La triste scoperta ha portato ad eseguire la profilassi post esposizione a tutti gli umani a rischio e a mettere in quarantena tutti i cani che sono entrati in contatto con l'animale infetto. È stato inoltre emanato l'obbligo vaccinale per diverse migliaia di cani e gatti.
A seguito di qeusto episodio sentiamo l'obbligo, morale e professionale, di ricordare quanto sia importante rispettare le norme sanitarie per l'importazione degli animali.
L'Italia e gran parte dell'Europa sono attualmente indenni dalla rabbia, una malattia gravissima e potenzialmente mortale sia per gli animali che per l'uomo. Un traguardo raggiunto grazie a controlli rigorosi, vaccinazioni e anni di prevenzione.

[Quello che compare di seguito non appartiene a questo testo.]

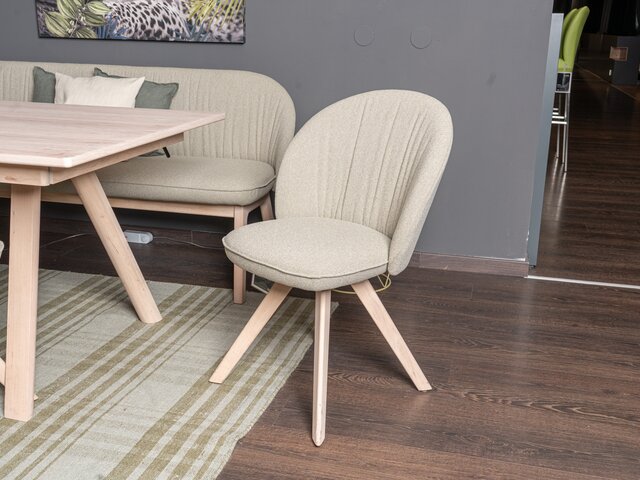 Team 7 Tischguppe TASO/FLOR Eiche 97524 10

Quando durante un viaggio ci si affeziona a un cucciolo, la tentazione di portarlo a casa è forte. Tuttavia, introdurre un animale proveniente da Paesi terzi in cui la rabbia è ancora presente, senza seguire le procedure previste, mette seriamente a rischio la salute e la vita sia dei nostri animali che di tutta la comunità.
📌 Microchip, vaccinazione antirabbica, eventuale titolazione anticorpale e documentazione sanitaria non sono semplici formalità: sono strumenti fondamentali per proteggere tutti.
🐾 Proteggere i nostri animali significa proteggere l'intera comunità.